Bug 694936

Summary: kernel-2.6.38.2-13.fc15.x86_64 hard locks on Geforce 9400 GT (10de:0641)
Product: [Fedora] Fedora Reporter: Adam Williamson <awilliam>
Component: xorg-x11-drv-nouveauAssignee: Ben Skeggs <bskeggs>
Status: CLOSED CURRENTRELEASE QA Contact: Fedora Extras Quality Assurance <extras-qa>
Severity: high Docs Contact:
Priority: unspecified    
Version: 15CC: airlied, ajax, bskeggs, hdegoede
Target Milestone: ---   
Target Release: ---   
Hardware: Unspecified   
OS: Unspecified   
Whiteboard:
Fixed In Version: Doc Type: Bug Fix
Doc Text:
Story Points: ---
Clone Of: Environment:
Last Closed: 2011-04-15 11:55:47 UTC Type: ---
Regression: --- Mount Type: ---
Documentation: --- CRM:
Verified Versions: Category: ---
oVirt Team: --- RHEL 7.3 requirements from Atomic Host:
Cloudforms Team: --- Target Upstream Version:
Attachments:
Description Flags
Dmesg of lattitude 6400 + nvs160m
none
xorg.log of lattitude 6400 + nvs160m none

Description Adam Williamson 2011-04-08 23:33:28 UTC
See summary. I installed kernel-2.6.38.2-13.fc15.x86_64, booted it twice, it hard locked (cursor stuck, couldn't switch to a vt, couldn't ssh in) within ten minutes each time. Back to -9 and that hasn't locked in an hour of use, so I'm pretty sure it's the kernel.

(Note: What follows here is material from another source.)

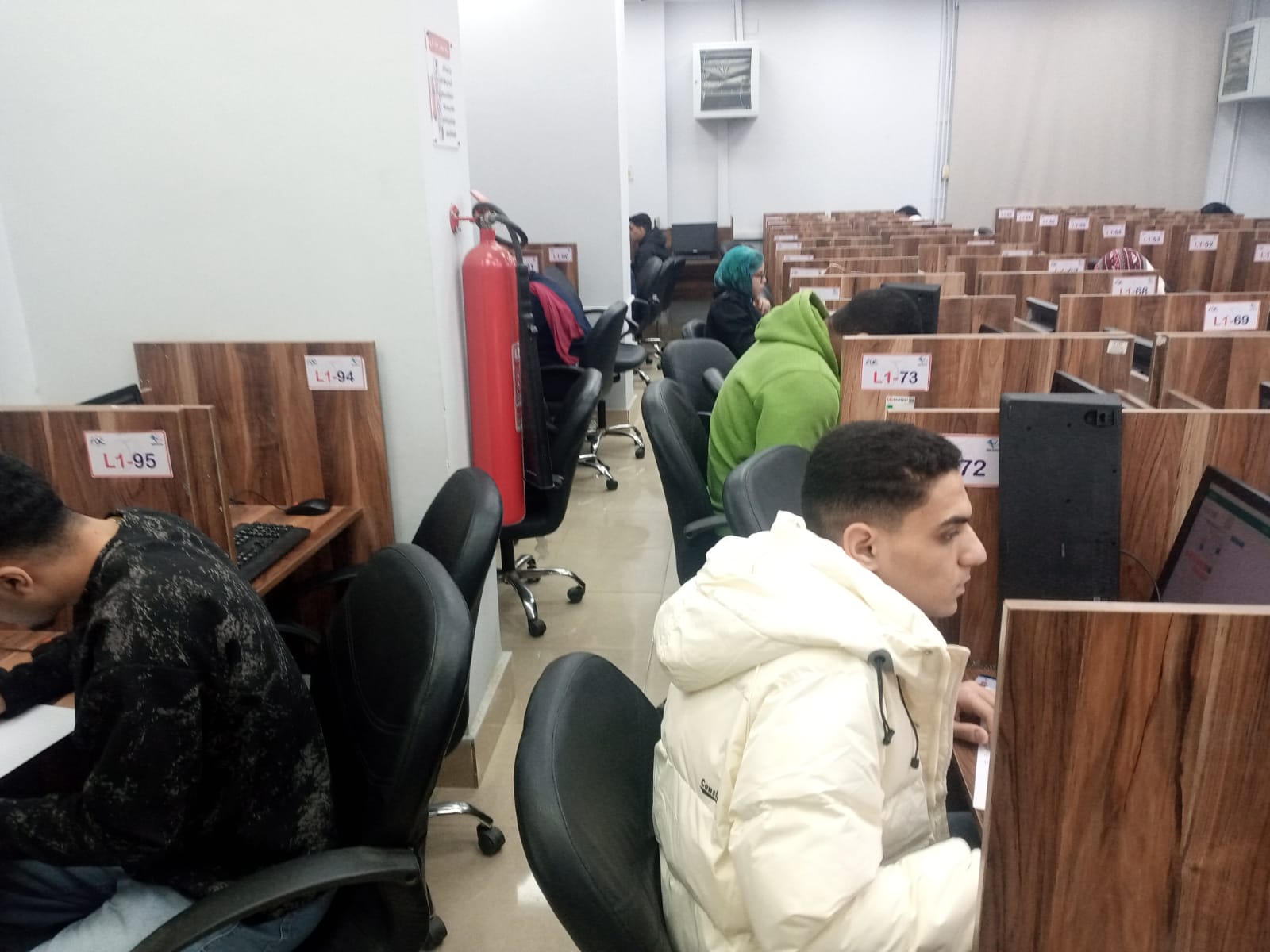 آداء طلاب كلية الآثار الإختبارات الإلكترونية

/var/log/messages doesn't have anything at the time of the lock, it just stops. I can try again with drm.debug if needed, but I know Ben has this same adapter so he may be able to reproduce easily.

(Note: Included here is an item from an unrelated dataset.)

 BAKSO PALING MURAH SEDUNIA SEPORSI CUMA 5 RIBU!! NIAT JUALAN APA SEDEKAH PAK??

Comment 1 Hans de Goede 2011-04-09 18:33:36 UTC
I'm seeing the exact same thing (did not try to ssh in though) on my Dell latitude 6400 laptop with a Quadro NVS 160M (G98M), which is also an NV50 card and actually is pretty close to the 9400GT all around.

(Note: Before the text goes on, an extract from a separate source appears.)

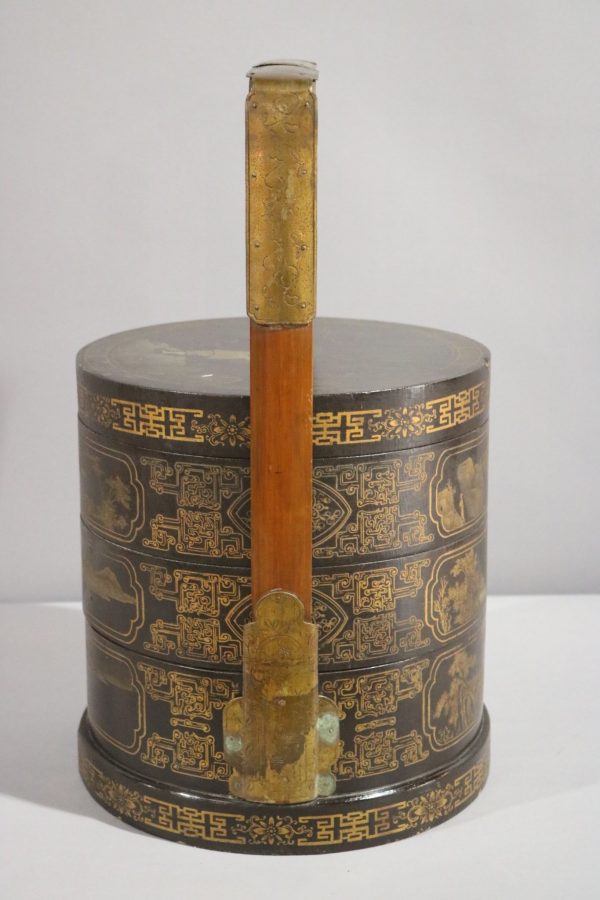 Lacquered Gilt Wedding Basket - Image 3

I'm quite experienced with most forms of debugging let me know if there is anything I can do help. I'm hansg@freenode on irc.

Comment 2 Hans de Goede 2011-04-09 18:50:20 UTC
Created attachment 490987 [details]
Dmesg of lattitude 6400 + nvs160m

Comment 3 Hans de Goede 2011-04-09 18:53:46 UTC
Created attachment 490988 [details]
xorg.log of lattitude 6400 + nvs160m

Note I believe I've been seeing this since 2.6.38.2-11 (-10 is doa, -9 is ok), but I did not file this bug before because I wasn't sure that this did not happen with -9. However I'm pretty confident now that this is a regression from -9.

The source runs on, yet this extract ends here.